The aroma of the food around me was seriously starting to take its toll on me, and I stopped walking.
Where is Father? How do I get back to the door? Is this how I die, starving in another world?
I’m so hungry. I’m alone.
My vision began to blur, and I slumped to the ground. I could feel my heart beginning to beat faster, as if it were going to break out of my chest, and I suddenly couldn’t breathe. I felt the urge to cry – and so I did. I sat there and cried.
I’m lost. How do I get home? If the door is open only once a year, I’m stuck here, aren’t I? What can I do, as a 9-year-old? How do I get back to the pawn shop? If I get back to the pawn shop, and Father went looking for me, will I be unable to find him? Is this how it ends? Me, a member of the imperial fa-
“Are you okay?”
“Breathe deeply!” a voice rang out, and I felt a warm hand touch my back.
I nodded in response to this person that I couldn’t see and began drawing difficult, strained breaths.
Breathe in, breathe out. In, Out. In. Out.
My rapidly beating heart started to slow, and my vision started to return. I rubbed the warm tears out of my eyes and looked up.
To my left side was a boy no older – no, younger than me, with a pair of metal goggles over his wild, reddish-brown hair. He wore a strange outfit, unlike the clothing of this country or mine – a sort of brown cloth vest on top of a normal white shirt.
Behind him was a girl of about the same age with blond hair, wearing clothing resembling that of one of the Deniev Empire’s enemies in the ongoing war, Ingramt. She wore a green dress, the ones with the puffy shoulder sleeves, decorated with pink flower print.
Before I could ask if she was from the Kingdom of Ingramt, the red-haired boy thrust one of the candied-fruit-on-a-stick that I had seen earlier into my hand.
“Daddy always says after crying, you need to eat sugar!”, he exclaimed.
Silently, I bit down on the offering and nodded.
It’s so sweet.
The girl, glancing around now that I had stopped crying, pointed at the stall that I had my back to.
“What a weird mask!”
I turned around to look and saw an especially peculiar mask hanging on a rack of other masks. It was metallic and grey, with two large yellow eyes, and a fin running through the center of the face up to the top of the mask.
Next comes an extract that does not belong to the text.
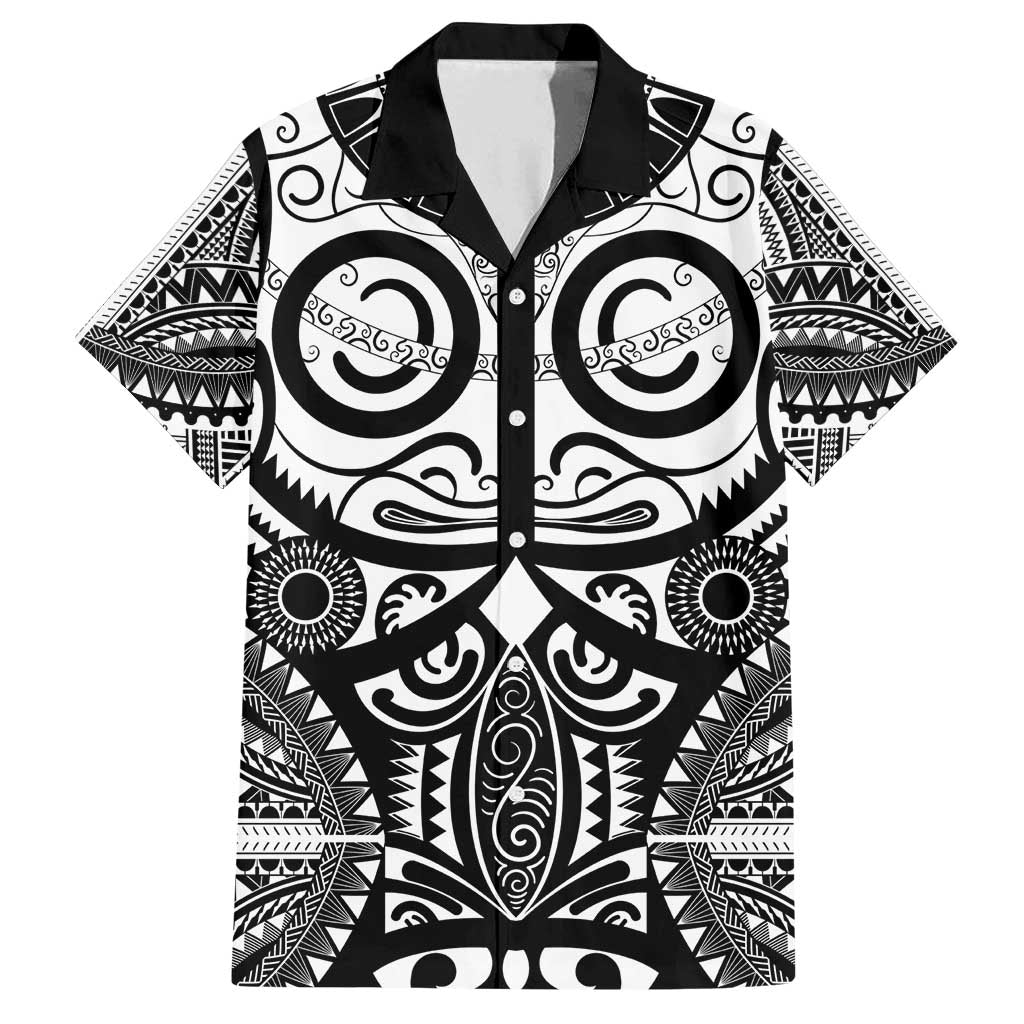 Marquesas Islands Family Matching Summer Maxi Dress and Hawaiian Shirt Marquesan Tattoo Black White Color LT14 Dad's Shirt - Short Sleeve Black - Polynesian Pride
“… It is weird”, I whispered.
The red-haired boy heard me and promptly began to shout.
“It’s not weird! We have those things back at home too, you know? Big, big, BIG robots! They help build things, and they guard the castle, and they-”
-Fior Deniev, 17 Years Old-
That’s all I remember of my first meeting with Alistair and Vell. What an innocent time, when we were still free of understanding the problems that loomed over our kingdoms. At the time, I had a suspicion, but I hadn’t confirmed it yet – a suspicion that they too, weren’t from “Japan”.
I wish I could go back in time to then.
So I could undo my mistake that led to all this.